Airoh TR1 (J106) modular helmet review

AIROH TR1 MODULAR HELMET

See also my similar but better XLite X420 GT and also Bell Mag 9 reviews

IN A LINE
Original modular design but a bit plasticy and; since copied by several quality helmet manufacturers (see below).

Since, gave it away to a charity shop.

DESCRIPTION
Light, vented helmet with integrated sun visor. Converts to open face by removing the chin bar.

WHERE TESTED
Off-road riding in Algeria and Morocco in 2008.

COST
Was something like £100 on ebay – ordered from Germany. A replacement visor is £20. I see now they’re as little as £60 on ebay in the UK in odd sizes.

tik

  • Looks cool; no naff graphics
  • Light
  • Removable chin guard: versatile
  • Integrated sun visor
  • Ratchet chin strap
  • Inexpensive

cros

  • A bit plasticy and flimsy, especially the chin bar fitting.
  • Not exactly a velvety interior.

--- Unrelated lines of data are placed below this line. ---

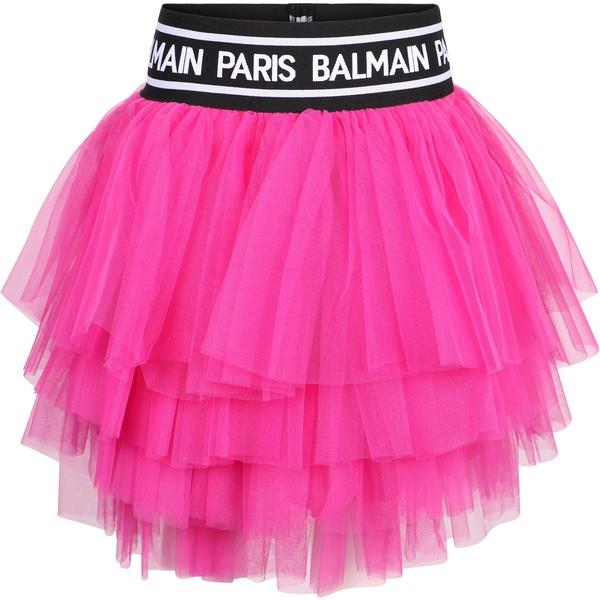 BALMAIN KIDS GIRLS LOGO TULLE SKIRT 6 YEARS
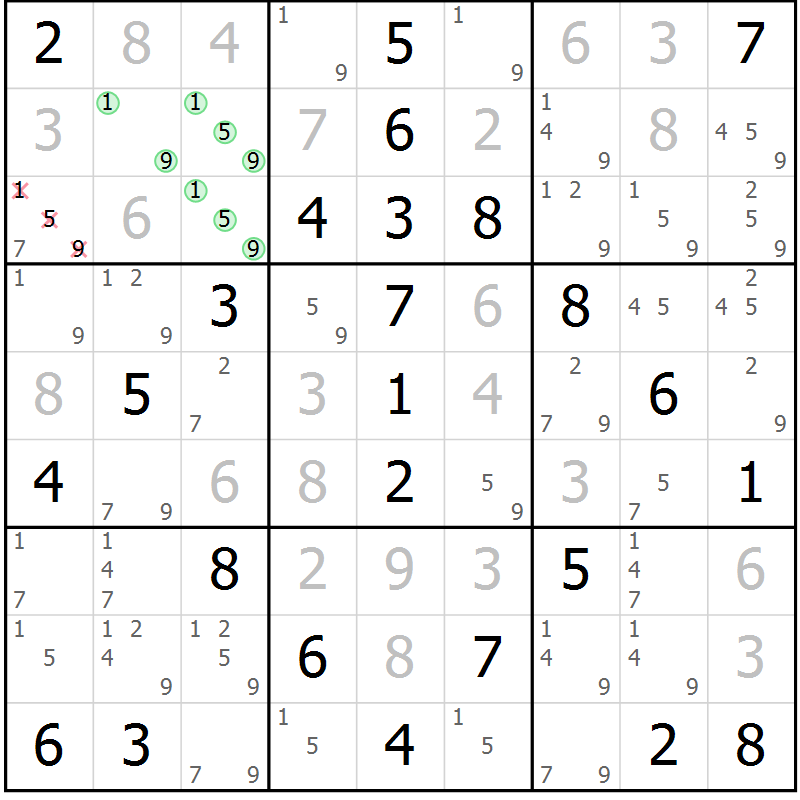 Position des candidats pour la solution de la Gr 49 page 52 du magazine de sudoku Virtuose n° 125
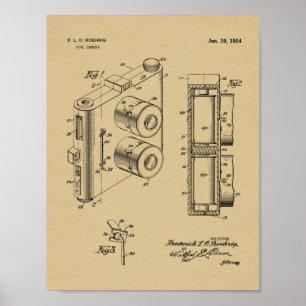 Póster 1954 Dual Camera Patent Art Drawing Print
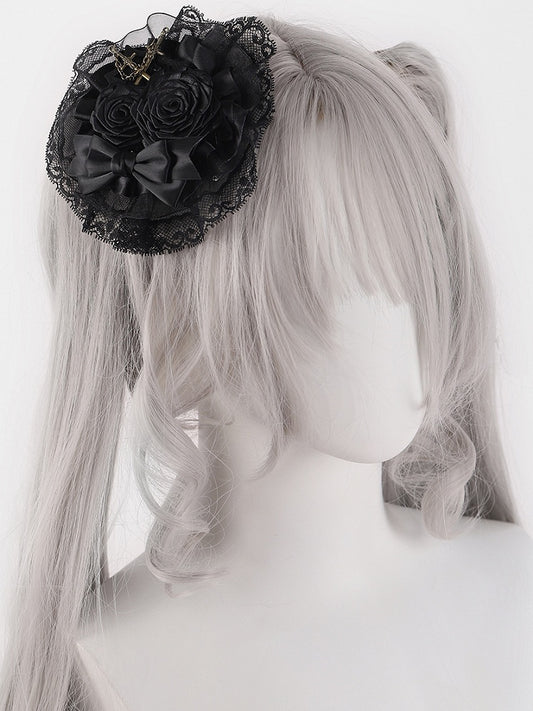 Swords Decorated Gothic Black Rosettes Bowknot Lace Hairclip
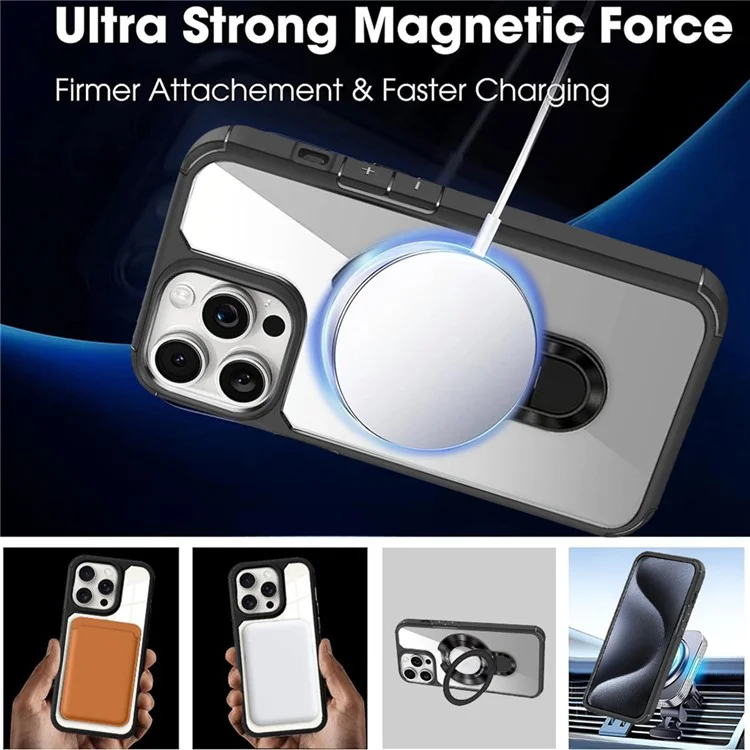 For iPhone 13 Pro Case TPU + Acrylic Phone Back Cover with Kickstand Compatible with MagSafe - Royal Blue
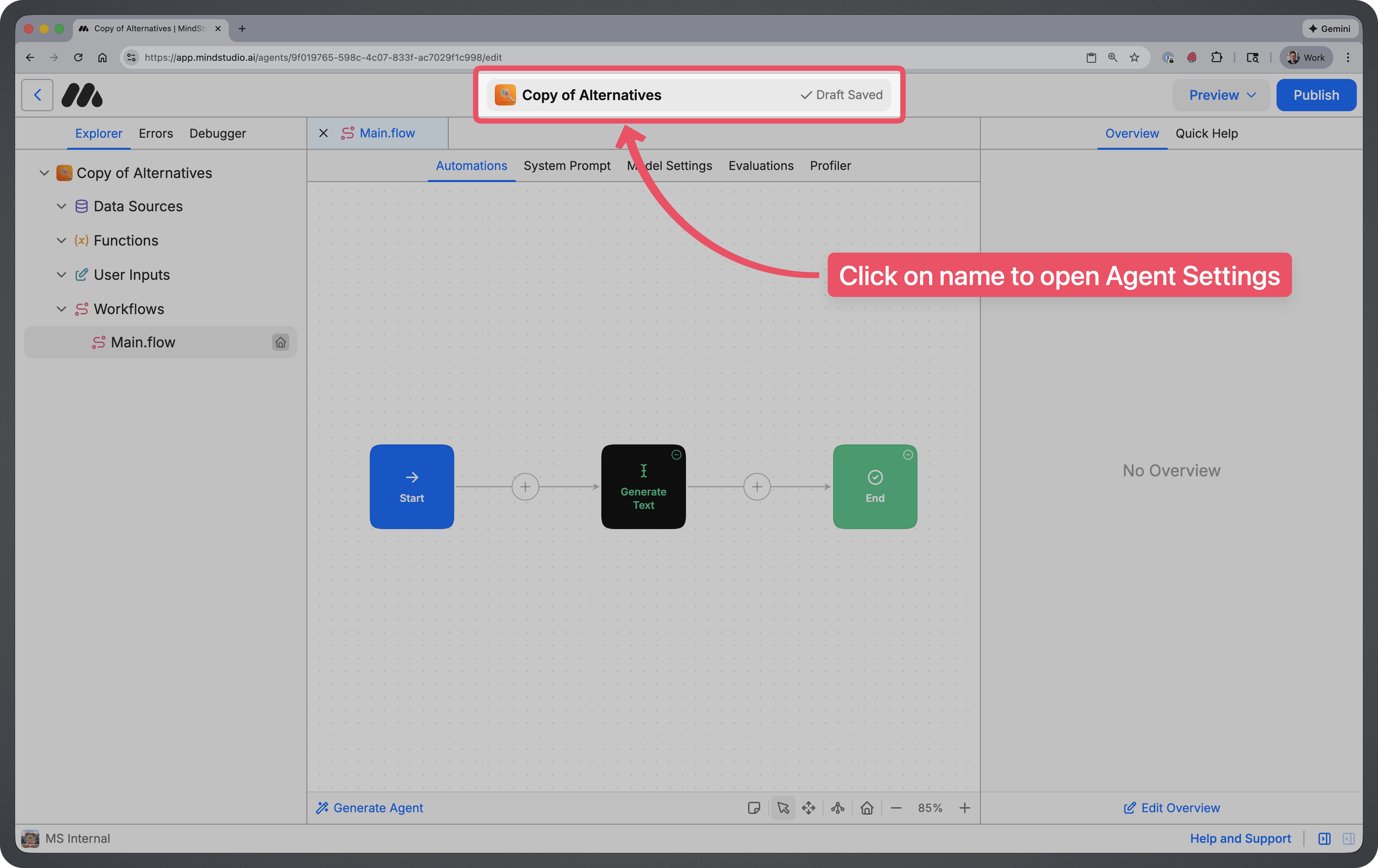 Change name clickable area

My more recent lids by X-Lite and Bell are much comfier
  • The thin foam seal on the top of the chin bar sealing the visor soon came away.
  • Noisy.

REVIEW
I liked the TR1 and its clever features as soon as I saw it. It reminded me of an old Royal Navy helicopter pilot’s helmet (left) I used to wear in the early 1980s while despatching in London.
And let’s not forget the Yamaha TR1 V-twin – always liked the idea of them too, and as you’ll see from the link some people have done great things with that motor.
I especially like the Airoh’s good visibility – even with the chin on you can see down to your hands – and the removable chin bar idea which I didn’t think anyone else did at the time (see below).
I don’t really go for those flip-up lids which look as elegant as a ferry bow door, heavy and I’m sure can’t be sustained flipped up while riding due to wind drag. On a long, cold, wet run you want the face protection, but bumbling around off road in Morocco it was nice not to have anything in your face or hanging over your eyebrows. Handily, the bar comes off in a few seconds and is a more or less a right angle shape so tucks out of the way in the corner of a pannier. The sun visor is not bad at all, and saves you having to fiddle with shades as the sun sets – or wearing shades at all. I like the muted design too.
The vents, I never can tell if they’re working or just adding noise. I generally ride no more than 70mph on the XT with a tall screen which actually made wind noise worse until I fitted an extension. I don’t wear ear plugs but may give them a go one time. The chin bar sits pretty close to the mouth and feels like it wouldn’t give much protection in an impact. And if you grab the chin bar to remove the lid it creaks and may even come off.
There are lots of innovative ideas on the TR1. What would be nice is to see a quality helmet manufacturer like Arai or Shoei copy and improve on it and adding a bit more plush padding. A solid chin bar mounting would be worth a little extra weight.

UPDATE March 2012
Just took a two-day late-winter ride and my impressions are pretty much the same as a few years ago: great viz, nice and light, great visor features but jeez, this thing is noisy! As a round town lid it’s just the job but may have to tape up some vents and try ear plugs or get something else for long rides. Airoh still make it as a J106.
Just had a quick look, plenty of cumbersome flip-lids but can’t see any removable chin-bar, twin visor alternatives by other manufacturers.
A few days later I looked again and saw that Nolan make an Nolan N43 Air with just about all the same features as the Airoh but hopefully better quality. The 2011 model is pictured left in all it’s modular glory. The 2012 model is going for around £200 and has a bit more of an ‘air dam’ on the chin guard and a different visor rachet. And then I see there’s also the X-Lite 402-GT – same thing but reassuringly more pricey at around £320 and a Caberg Hyper-X  too. I’ve also just learned that X-Lite is to Nolan what Lexus is to Toyota – the upmarket arm of the same company. The Arai-esque X-Lite logo must be trying to say something.
Looking a bit more closely at pictures of these two lids (left), the X-Lite GT does seem to have a smoother exterior with less conspicuous venting and hardware which one would hope may make it quieter. And you’d also hope your paying for a better made, more comfortable helmet in composite. Here’s a cool promo vid of the GT and in fact. I bought the X-Lite for Morocco in March and have been using it since: review here.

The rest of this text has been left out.